== Segment start ==
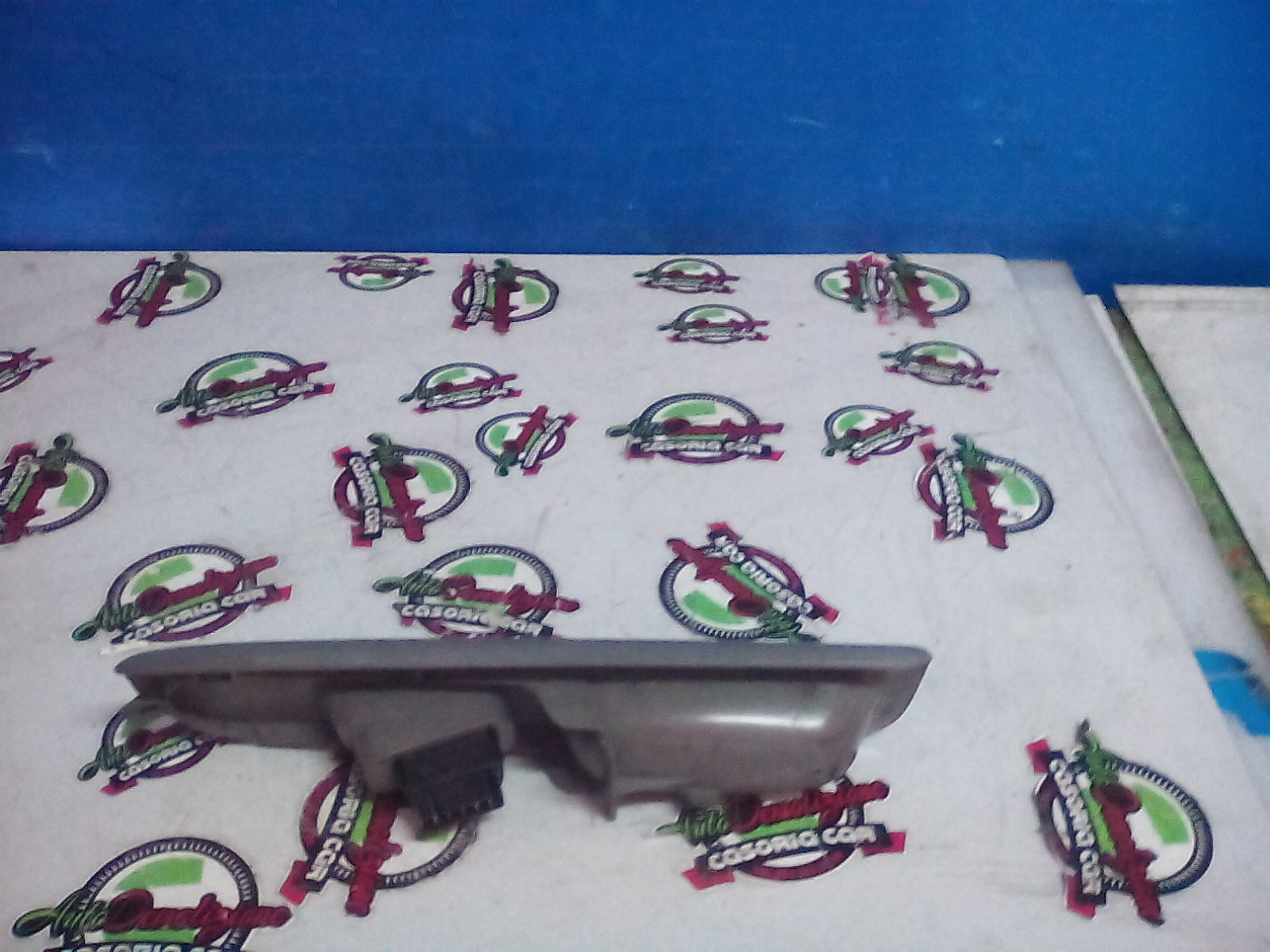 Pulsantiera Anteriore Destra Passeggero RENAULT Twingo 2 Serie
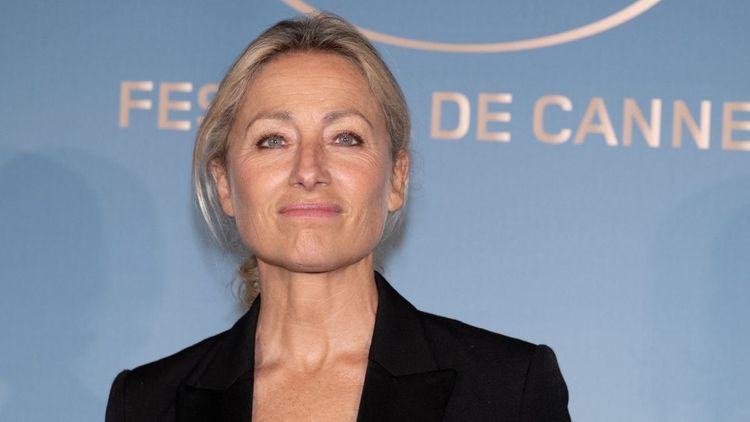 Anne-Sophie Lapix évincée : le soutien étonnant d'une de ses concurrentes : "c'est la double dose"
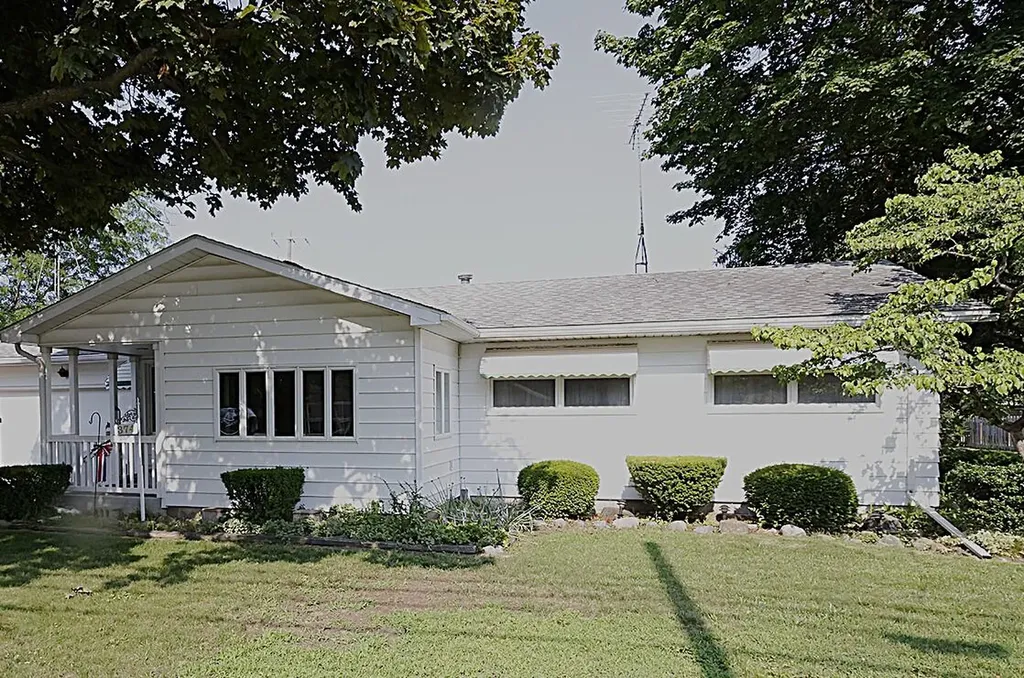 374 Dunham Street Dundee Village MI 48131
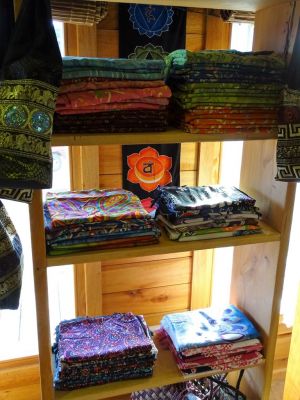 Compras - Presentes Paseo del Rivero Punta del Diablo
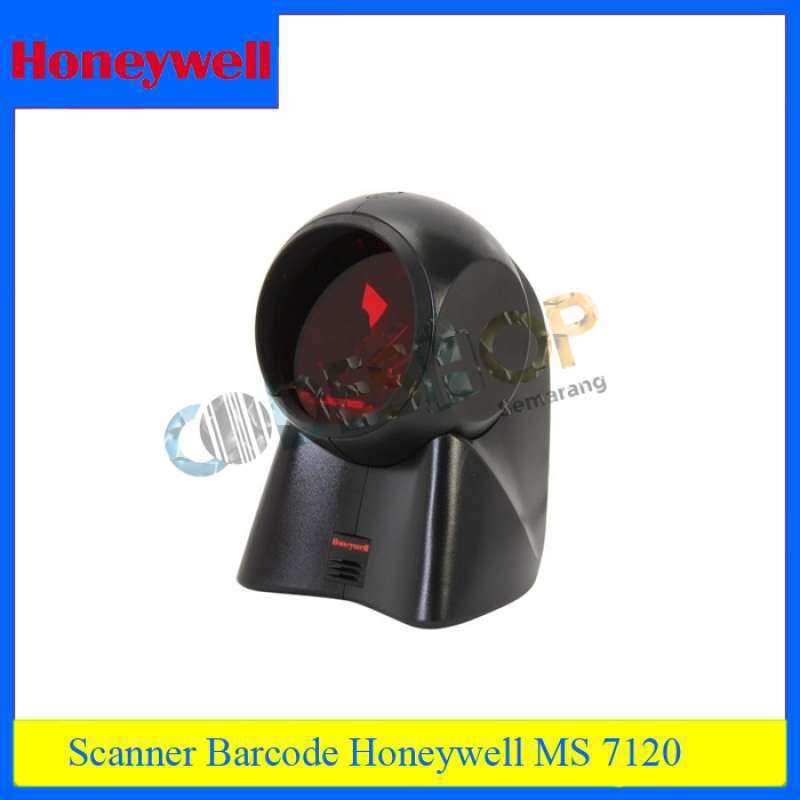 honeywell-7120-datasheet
== Segment end ==
== Segment start ==
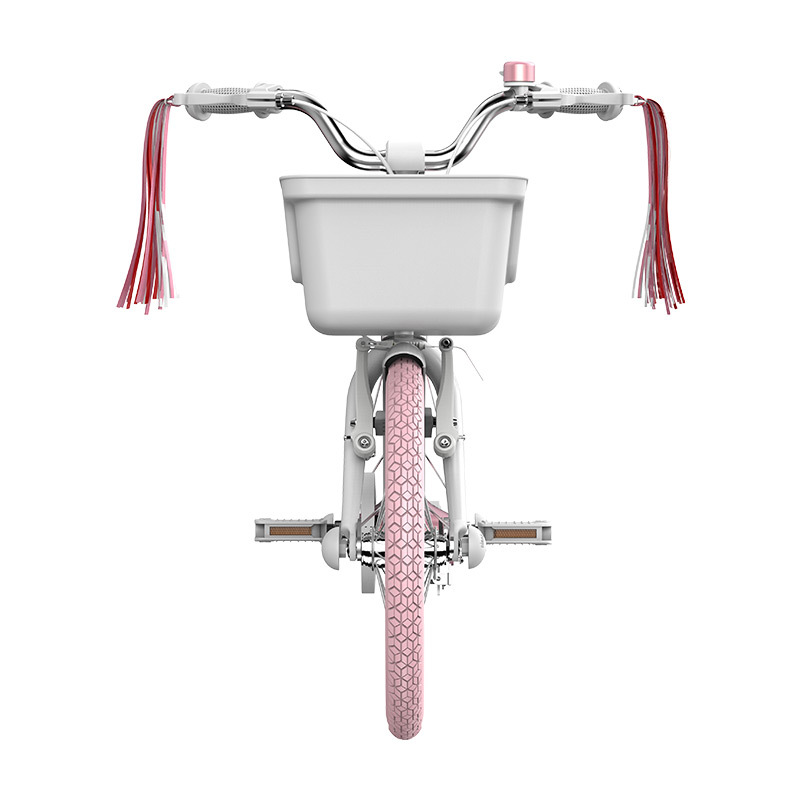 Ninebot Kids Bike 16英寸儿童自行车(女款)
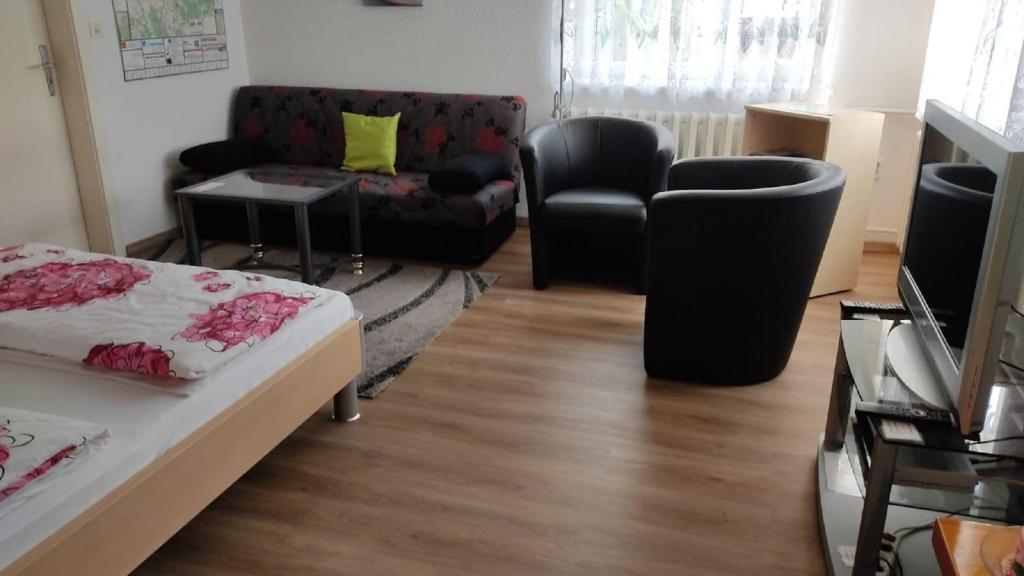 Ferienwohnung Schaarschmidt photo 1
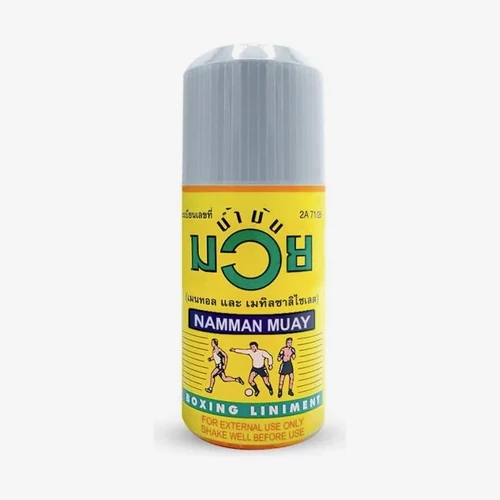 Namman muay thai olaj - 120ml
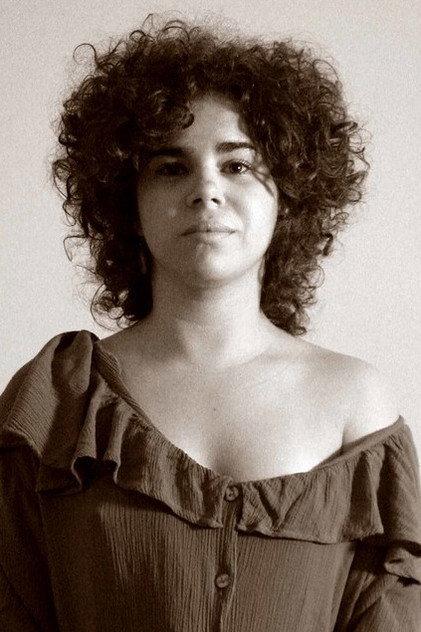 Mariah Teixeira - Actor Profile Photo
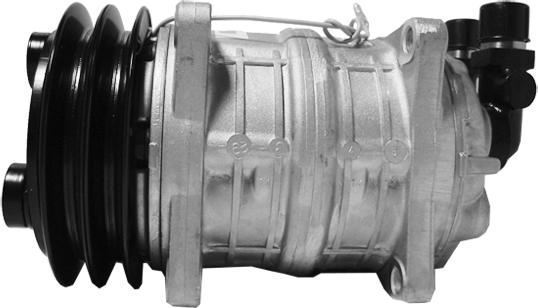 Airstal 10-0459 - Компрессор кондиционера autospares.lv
== Segment end ==
Between and including the line with "Ninebot Kids Bike 16英寸儿童自行车(女款)" and the line with "Airstal 10-0459 - Компрессор", repeat every line exactly as it appears above, with pictures left out.

— Written response —
 Ninebot Kids Bike 16英寸儿童自行车(女款)
 Ferienwohnung Schaarschmidt photo 1
 Namman muay thai olaj - 120ml
 Mariah Teixeira - Actor Profile Photo
 Airstal 10-0459 - Компрессор кондиционера autospares.lv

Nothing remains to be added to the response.